# Work instruction
Using the entries that follow, write out the line containing "近畿⼤学九州短期⼤学附属幼稚園", the line containing "Hotel Baltaci Atrium Zlín Exteriör bild", and every line between them, exactly and nothing else.

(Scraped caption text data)
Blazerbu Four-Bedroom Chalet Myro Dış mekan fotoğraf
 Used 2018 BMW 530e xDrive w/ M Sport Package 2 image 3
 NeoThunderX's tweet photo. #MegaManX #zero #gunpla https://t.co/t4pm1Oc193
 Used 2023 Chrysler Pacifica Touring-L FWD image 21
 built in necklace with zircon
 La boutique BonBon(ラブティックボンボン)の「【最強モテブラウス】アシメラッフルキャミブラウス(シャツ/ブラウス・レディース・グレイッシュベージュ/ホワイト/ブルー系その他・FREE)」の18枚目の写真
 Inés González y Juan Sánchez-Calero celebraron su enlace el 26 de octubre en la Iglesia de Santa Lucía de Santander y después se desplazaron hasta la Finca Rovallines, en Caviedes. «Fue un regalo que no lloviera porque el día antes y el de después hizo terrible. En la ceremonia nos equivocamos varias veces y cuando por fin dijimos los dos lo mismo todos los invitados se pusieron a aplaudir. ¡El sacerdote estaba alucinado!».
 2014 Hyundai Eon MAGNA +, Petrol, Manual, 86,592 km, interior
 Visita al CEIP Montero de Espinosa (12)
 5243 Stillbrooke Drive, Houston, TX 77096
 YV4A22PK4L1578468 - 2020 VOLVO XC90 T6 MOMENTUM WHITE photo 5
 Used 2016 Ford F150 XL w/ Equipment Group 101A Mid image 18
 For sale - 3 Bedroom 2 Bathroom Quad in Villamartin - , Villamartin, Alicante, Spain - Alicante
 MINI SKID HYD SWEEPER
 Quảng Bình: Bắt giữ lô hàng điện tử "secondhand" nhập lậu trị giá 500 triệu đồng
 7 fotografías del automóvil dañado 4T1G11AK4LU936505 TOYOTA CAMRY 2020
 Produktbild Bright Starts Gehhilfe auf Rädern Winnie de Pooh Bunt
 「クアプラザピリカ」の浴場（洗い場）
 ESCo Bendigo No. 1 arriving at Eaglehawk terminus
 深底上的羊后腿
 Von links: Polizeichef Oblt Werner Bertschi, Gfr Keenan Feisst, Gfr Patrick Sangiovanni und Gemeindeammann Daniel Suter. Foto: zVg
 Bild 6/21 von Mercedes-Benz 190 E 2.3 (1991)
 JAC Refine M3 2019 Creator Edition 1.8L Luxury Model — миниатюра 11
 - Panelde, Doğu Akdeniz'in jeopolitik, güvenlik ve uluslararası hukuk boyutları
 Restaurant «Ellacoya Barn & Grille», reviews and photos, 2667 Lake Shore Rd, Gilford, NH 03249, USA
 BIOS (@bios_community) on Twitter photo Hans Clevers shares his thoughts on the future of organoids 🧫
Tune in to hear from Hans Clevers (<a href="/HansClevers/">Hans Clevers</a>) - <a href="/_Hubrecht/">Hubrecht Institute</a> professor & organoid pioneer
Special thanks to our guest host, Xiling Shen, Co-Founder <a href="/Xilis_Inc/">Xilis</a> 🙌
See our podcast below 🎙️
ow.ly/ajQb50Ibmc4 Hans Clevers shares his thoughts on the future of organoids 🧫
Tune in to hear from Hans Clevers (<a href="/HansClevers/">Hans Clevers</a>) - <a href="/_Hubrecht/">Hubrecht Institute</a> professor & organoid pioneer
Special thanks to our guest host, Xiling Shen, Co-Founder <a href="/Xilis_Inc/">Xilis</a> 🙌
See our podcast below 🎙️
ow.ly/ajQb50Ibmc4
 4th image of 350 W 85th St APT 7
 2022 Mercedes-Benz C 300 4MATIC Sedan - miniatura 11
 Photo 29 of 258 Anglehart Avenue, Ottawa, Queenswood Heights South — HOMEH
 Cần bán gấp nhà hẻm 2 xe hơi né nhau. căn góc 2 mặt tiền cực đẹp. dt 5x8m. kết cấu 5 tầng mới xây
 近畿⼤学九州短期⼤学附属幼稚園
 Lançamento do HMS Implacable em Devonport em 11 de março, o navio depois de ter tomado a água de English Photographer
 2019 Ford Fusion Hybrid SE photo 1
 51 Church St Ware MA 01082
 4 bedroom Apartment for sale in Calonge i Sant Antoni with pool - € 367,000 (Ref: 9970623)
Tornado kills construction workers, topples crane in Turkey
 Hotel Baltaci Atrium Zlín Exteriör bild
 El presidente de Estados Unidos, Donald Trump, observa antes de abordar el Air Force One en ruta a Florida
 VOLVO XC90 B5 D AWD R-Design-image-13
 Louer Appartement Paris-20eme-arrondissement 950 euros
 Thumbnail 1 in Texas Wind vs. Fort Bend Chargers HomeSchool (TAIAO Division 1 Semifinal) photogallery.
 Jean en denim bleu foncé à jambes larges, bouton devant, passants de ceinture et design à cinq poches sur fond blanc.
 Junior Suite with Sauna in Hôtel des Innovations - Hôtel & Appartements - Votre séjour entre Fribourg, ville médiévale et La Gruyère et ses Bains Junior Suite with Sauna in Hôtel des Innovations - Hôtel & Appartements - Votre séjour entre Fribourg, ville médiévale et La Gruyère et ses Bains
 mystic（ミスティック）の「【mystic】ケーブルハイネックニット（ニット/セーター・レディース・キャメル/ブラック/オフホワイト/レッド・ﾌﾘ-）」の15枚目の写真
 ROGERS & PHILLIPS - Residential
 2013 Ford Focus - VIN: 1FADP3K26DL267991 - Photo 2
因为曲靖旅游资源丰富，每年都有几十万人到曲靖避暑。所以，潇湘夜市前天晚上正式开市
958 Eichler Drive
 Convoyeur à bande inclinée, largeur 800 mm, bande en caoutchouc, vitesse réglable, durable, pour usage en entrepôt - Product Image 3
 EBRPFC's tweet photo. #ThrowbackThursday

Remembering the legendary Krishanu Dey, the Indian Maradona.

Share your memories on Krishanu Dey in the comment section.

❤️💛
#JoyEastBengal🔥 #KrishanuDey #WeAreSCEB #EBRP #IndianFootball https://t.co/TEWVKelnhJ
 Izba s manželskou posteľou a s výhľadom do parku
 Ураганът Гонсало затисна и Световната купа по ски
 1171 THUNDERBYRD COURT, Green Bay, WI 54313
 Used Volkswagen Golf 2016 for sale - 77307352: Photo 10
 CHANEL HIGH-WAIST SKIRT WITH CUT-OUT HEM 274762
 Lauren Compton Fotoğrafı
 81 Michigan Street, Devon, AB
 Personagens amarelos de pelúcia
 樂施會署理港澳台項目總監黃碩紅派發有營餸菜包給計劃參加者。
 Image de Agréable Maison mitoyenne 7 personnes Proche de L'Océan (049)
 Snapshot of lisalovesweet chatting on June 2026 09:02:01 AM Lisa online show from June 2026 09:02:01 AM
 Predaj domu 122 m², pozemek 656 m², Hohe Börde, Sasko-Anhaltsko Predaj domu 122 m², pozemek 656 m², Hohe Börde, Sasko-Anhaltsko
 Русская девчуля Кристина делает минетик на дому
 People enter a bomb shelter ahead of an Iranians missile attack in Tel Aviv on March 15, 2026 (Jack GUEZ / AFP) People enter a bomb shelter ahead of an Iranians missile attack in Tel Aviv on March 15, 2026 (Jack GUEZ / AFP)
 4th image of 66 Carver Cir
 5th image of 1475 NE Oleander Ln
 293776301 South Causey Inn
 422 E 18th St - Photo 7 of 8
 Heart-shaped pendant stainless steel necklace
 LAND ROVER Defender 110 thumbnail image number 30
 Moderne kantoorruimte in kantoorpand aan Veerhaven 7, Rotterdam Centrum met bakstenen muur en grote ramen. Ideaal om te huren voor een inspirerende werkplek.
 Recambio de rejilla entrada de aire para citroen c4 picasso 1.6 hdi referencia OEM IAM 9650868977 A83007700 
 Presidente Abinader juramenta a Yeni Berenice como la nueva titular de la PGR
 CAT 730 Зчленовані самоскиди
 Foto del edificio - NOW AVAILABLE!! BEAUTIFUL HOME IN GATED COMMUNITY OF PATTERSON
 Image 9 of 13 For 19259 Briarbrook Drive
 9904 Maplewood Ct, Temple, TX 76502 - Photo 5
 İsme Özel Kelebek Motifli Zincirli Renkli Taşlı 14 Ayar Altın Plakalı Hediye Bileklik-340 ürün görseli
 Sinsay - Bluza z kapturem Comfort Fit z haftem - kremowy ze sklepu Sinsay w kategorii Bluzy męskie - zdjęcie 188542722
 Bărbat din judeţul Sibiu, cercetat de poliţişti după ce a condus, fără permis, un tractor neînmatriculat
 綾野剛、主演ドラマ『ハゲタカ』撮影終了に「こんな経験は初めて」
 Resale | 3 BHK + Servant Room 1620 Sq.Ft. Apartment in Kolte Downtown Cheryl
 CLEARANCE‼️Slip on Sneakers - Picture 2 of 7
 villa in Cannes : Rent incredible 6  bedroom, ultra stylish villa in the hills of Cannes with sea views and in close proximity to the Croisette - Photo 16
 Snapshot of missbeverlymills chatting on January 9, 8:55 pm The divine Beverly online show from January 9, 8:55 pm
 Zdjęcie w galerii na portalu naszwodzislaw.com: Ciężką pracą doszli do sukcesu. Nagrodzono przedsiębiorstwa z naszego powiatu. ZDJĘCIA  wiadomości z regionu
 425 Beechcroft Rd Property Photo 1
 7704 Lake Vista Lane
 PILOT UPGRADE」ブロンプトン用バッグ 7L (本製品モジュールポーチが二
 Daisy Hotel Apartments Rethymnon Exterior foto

# Written reply
 近畿⼤学九州短期⼤学附属幼稚園
 Lançamento do HMS Implacable em Devonport em 11 de março, o navio depois de ter tomado a água de English Photographer
 2019 Ford Fusion Hybrid SE photo 1
 51 Church St Ware MA 01082
 4 bedroom Apartment for sale in Calonge i Sant Antoni with pool - € 367,000 (Ref: 9970623)
Tornado kills construction workers, topples crane in Turkey
 Hotel Baltaci Atrium Zlín Exteriör bild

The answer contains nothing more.